Contrary to Appellant's assertions, "equitable" factors do not indicate that the award of interest was inequitable. The Bank opposed turning over the money in good faith; that is, it had a legitimate argument for not turning over the money. This, however, does not mean that the parties who ultimately are held entitled to the money should not receive interest in order to be made whole. Moreover, the Bank was made aware of the PACA claims in May of 1987 and was aware of PACA when it made the loan to the Debtor. Finally, the Committee was not formed until September of 1989. The Committee commenced the adversary proceeding about 45 days later on October 16, 1989. Thus, the Committee acted promptly once it was formed. These "equitable considerations" do not suggest that the trial court abused its discretion by awarding prejudgment interest.

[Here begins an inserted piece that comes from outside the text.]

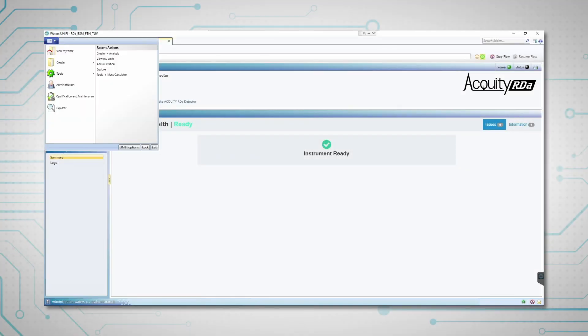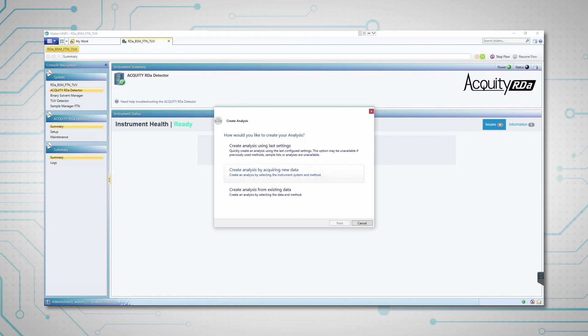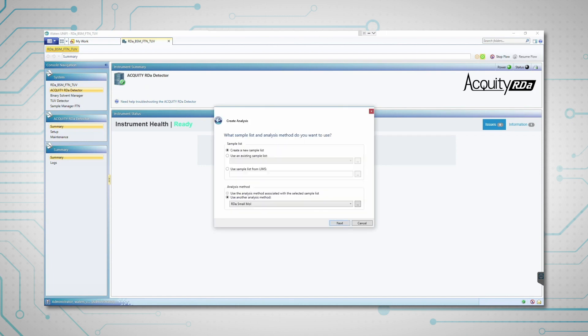To acquire data, users create an analysis using a predefined method for sample submission, acquisition and processing.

Finally, Appellant claims that it was denied an opportunity to brief the issue of whether prejudgment interest should have *642 been allowed at all. This argument is frivolous. At the hearing on the Motion for Summary Judgment, counsel for the Bank stated that issues regarding prejudgment interest "have been fully addressed in the moving and opposing papers, and that no further briefing need be taken." Ape.E.R. at 41:20-22. Thus, the court did not deny Appellant an opportunity to brief prejudgment interest issues.

b. Interest Rate and Commencement Date

Both the appropriate rate and the commencement date for an award of prejudgment interest is left to the broad discretion of the trial court. Columbia Brick Works, 768 F.2d at 1068. The bankruptcy court awarded the Committee interest at the federal judgment rate commencing May 27, 1987, the date the notice of intent letter was sent to the Bank by one of the PACA claimants.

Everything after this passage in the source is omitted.